§ WHAT NEEDS TO BE DONE: Print every line below. Match each one exactly.

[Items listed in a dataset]
=== Section Start ===

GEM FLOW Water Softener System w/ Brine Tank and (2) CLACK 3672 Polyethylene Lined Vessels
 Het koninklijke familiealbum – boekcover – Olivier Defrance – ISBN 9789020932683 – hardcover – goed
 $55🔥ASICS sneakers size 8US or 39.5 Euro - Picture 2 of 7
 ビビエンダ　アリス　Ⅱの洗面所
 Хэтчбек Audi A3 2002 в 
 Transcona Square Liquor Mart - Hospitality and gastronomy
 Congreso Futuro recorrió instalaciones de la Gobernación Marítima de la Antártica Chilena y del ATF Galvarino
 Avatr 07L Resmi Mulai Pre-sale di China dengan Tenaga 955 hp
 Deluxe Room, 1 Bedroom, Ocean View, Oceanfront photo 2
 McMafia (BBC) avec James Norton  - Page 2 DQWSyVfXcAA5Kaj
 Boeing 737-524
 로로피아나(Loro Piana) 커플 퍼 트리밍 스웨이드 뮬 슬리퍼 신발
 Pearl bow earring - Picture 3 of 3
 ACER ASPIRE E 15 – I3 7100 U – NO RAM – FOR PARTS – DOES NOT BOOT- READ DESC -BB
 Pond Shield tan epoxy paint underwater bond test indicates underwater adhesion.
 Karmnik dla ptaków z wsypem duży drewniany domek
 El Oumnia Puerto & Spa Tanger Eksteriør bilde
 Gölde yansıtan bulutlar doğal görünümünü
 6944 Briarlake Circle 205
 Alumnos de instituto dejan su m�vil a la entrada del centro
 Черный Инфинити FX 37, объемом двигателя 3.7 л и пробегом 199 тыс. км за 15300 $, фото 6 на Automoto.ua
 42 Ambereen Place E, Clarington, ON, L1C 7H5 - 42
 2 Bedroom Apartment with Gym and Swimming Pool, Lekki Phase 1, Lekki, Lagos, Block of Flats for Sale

=== Section End ===

§ WRITTEN SOLUTION:
GEM FLOW Water Softener System w/ Brine Tank and (2) CLACK 3672 Polyethylene Lined Vessels
 Het koninklijke familiealbum – boekcover – Olivier Defrance – ISBN 9789020932683 – hardcover – goed
 $55🔥ASICS sneakers size 8US or 39.5 Euro - Picture 2 of 7
 ビビエンダ　アリス　Ⅱの洗面所
 Хэтчбек Audi A3 2002 в 
 Transcona Square Liquor Mart - Hospitality and gastronomy
 Congreso Futuro recorrió instalaciones de la Gobernación Marítima de la Antártica Chilena y del ATF Galvarino
 Avatr 07L Resmi Mulai Pre-sale di China dengan Tenaga 955 hp
 Deluxe Room, 1 Bedroom, Ocean View, Oceanfront photo 2
 McMafia (BBC) avec James Norton  - Page 2 DQWSyVfXcAA5Kaj
 Boeing 737-524
 로로피아나(Loro Piana) 커플 퍼 트리밍 스웨이드 뮬 슬리퍼 신발
 Pearl bow earring - Picture 3 of 3
 ACER ASPIRE E 15 – I3 7100 U – NO RAM – FOR PARTS – DOES NOT BOOT- READ DESC -BB
 Pond Shield tan epoxy paint underwater bond test indicates underwater adhesion.
 Karmnik dla ptaków z wsypem duży drewniany domek
 El Oumnia Puerto & Spa Tanger Eksteriør bilde
 Gölde yansıtan bulutlar doğal görünümünü
 6944 Briarlake Circle 205
 Alumnos de instituto dejan su m�vil a la entrada del centro
 Черный Инфинити FX 37, объемом двигателя 3.7 л и пробегом 199 тыс. км за 15300 $, фото 6 на Automoto.ua
 42 Ambereen Place E, Clarington, ON, L1C 7H5 - 42
 2 Bedroom Apartment with Gym and Swimming Pool, Lekki Phase 1, Lekki, Lagos, Block of Flats for Sale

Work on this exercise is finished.